Seoul Pre-Departure: Being Productive during the Dropout Simulation

Katherine Leehong is a student at University of South Carolina and an ISA Featured Blogger. Katherine studied abroad with ISA in Seoul, South Korea.


Hey there kids: if you’re reading this then I imagine you’re interested in going to study things in Seoul, South Korea (or are just a fan of study abroad blogs? Family? Friends?) Well, here’s a fun fact about school in South Korea: while Americans are used to the first semester of the school year being the Fall semester sometime in August, the first semester in South Korea starts in March.

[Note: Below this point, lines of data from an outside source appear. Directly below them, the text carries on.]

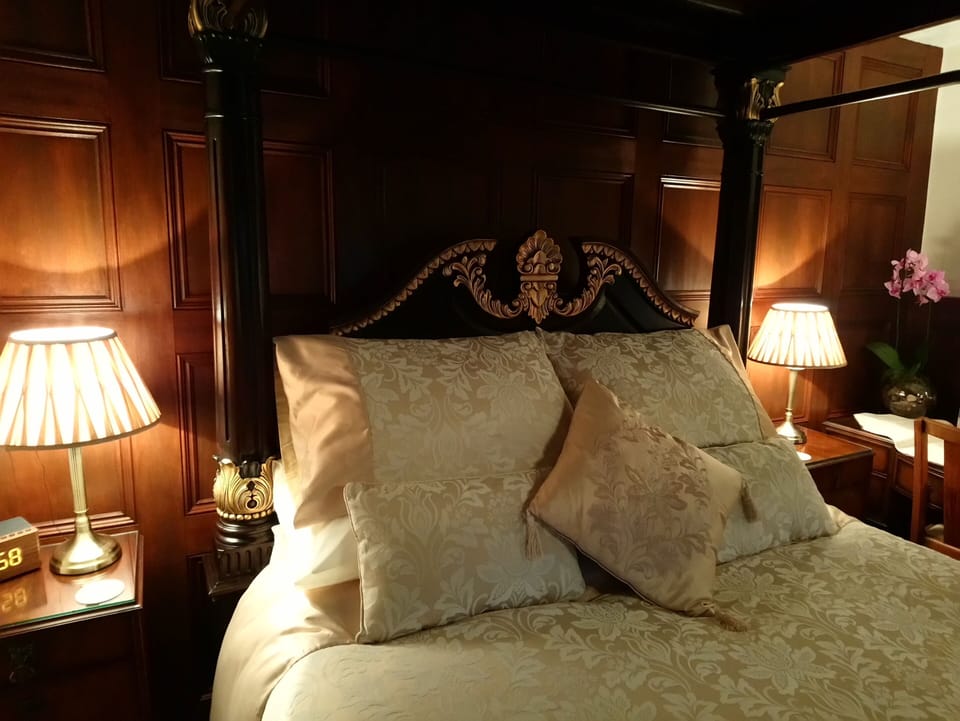 Luxury Double Room, Ensuite (Four poster)
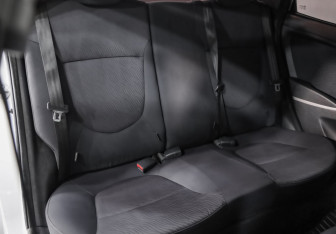 Подержанный автомобиль Hyundai Solaris Sedan 2012 года (21 фото)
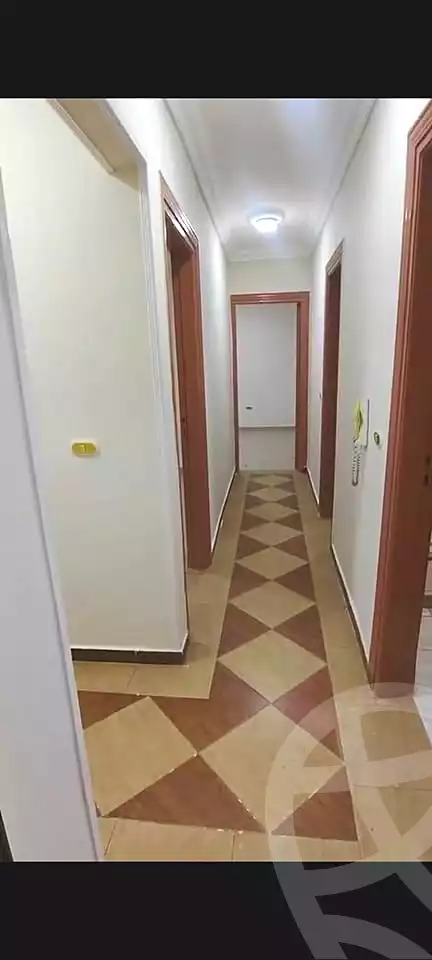 https://aqarmap.com.eg/ar/listing/6745117-for-rent-alexandria-sydy-bshr-sydy-bshr-bhry-shr-mhmwd-l-yswy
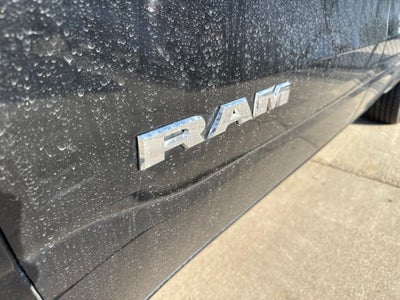 2022 RAM 1500 Big Horn Crew Cab 4x4 5'7' Box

While it’s exciting that I’ll start attending classes at Konkuk with a lot of new Korean students, the wait to depart is a special kind of torture. You see, I wasn’t able to get a job (being in the country a brief two months does not make an employer eager to hire you.) Since my parents have paid for most of my study abroad program, I wanted to contribute and not be a largely immobile parasite but, well, here we are. The guilt I feel over how the costs are really stacking up against my family is only getting worse considering my wisdom teeth also have to come out (dolla dolla bills, y’all.) I am the worst kind of parasite: I am a dependent.

If you go to school far from home, you’ll also experience what I’ve come to call “The Dropout Simulation,” where all of your friends return to college, attend pre-semester parties, go to class, and posts things that are not relevant to your life on all facets of social media. It’s an uncomfortable period of isolation very much akin to what dropping out might feel like (or what graduation might feel like, if you are friends with mostly underclassmen.)

In order to deal with the sensation of shame coupled with the boredom you feel from being unable to preoccupy yourself in the vast space of free time and severely diminished friend pool you now have: get on a schedule and write down a list of goals. It’s harder to get lost in the ether when you have things to do.

On my quest toward accomplishing more, I have found a lot of resources that you may find helpful so I’ll link dump them here just for you, dear reader.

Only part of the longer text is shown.